Out of the Depths

In a filing cabinet in my office I keep several files that I have carried with me for over thirty years and through my service to three different churches. There is a file in this collection for each of the Christian seasons (Advent, Christmas, Epiphany, Lent, Easter, and Pentecost). I have files for some of the other days of special importance on the Christian calendar (such as Ash Wednesday, Maundy Thursday, and Good Friday), and for those days where our religious belonging comes into conversation with national identity and global concern (the Fourth of July, Memorial Day, and World Communion Sunday).

In most cases the file folders are tattered and bursting with their contents. They are chock full of notes, clippings, artwork, newspaper articles, notes from parishioners, recipes, and reflections. With each new season I dive once again into the depths of these spiritual libraries, and rummage around for wisdom from the past to clarify the call of faith for the present and the future.

If I were to set all these files side by side it would be easy to see that the one I have developed for Advent is the largest. I suppose that reflects my special fondness for this season, and the traditions that accompany it, like the weekly lighting of Advent candles and the annual Christmas Pageant. And of all the treasures in my Advent collection, the ones that mean the most to me are some photocopied prayers by Samuel Miller. He was minister of the Old Cambridge Baptist Church in Cambridge, Massachusetts, from 1934 to 1959, and then became Dean of Harvard Divinity School in that same year. His prayers for the season of Advent were collected after his death in 1968, and even though I have read them many times over the years, I feel that whenever I do so a door opens within me, allowing a little more room for wonder and the possibilities for love and peace that God would bring into the world through us.
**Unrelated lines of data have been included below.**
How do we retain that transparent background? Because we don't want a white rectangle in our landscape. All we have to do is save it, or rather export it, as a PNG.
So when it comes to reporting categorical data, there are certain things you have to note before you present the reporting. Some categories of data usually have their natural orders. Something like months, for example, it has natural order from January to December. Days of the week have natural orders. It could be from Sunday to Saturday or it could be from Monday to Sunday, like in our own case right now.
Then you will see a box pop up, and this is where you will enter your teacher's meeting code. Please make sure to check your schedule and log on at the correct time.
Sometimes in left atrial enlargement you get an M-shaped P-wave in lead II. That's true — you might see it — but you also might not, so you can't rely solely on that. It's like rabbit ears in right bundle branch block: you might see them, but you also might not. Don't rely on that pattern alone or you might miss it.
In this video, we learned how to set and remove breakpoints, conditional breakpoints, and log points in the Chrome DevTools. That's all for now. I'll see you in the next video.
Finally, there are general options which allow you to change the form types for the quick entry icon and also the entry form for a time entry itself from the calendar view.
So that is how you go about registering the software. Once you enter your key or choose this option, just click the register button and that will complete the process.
In this blog I share with you two of Samuel Miller’s prayers that have been particular favorites of mine. May his words, and the meditations of our hearts, prepare the space not only for Christmas, but for the coming of Christ himself.

God and Father of us all, in whom our joy finds perfect peace, enter, we beseech thee, into the crowded inn of our life, quiet the tumult and the disorder, and let thy strength impel us to make an ample place for the advent of thy Son, our Lord, Jesus Christ. Move us by such joy as we have had in Jesus Christ and in thee to praise thy holy will and wisdom. Make us glad, after the way of thy spirit, through Jesus Christ. Amen.

O God, in the fog and fury of this dark age, keep the inner world of heart and mind in us clear and strong, that we may not be buffeted from our course by the wild winds of chaos and seas of bitterness. Help us onward through all kinds of whether to follow patiently the north star of thy eternal purpose and, if darkness and chaos hide it, hold us firm by every remembrance and hope to do thy will through Jesus Christ our Lord. Amen.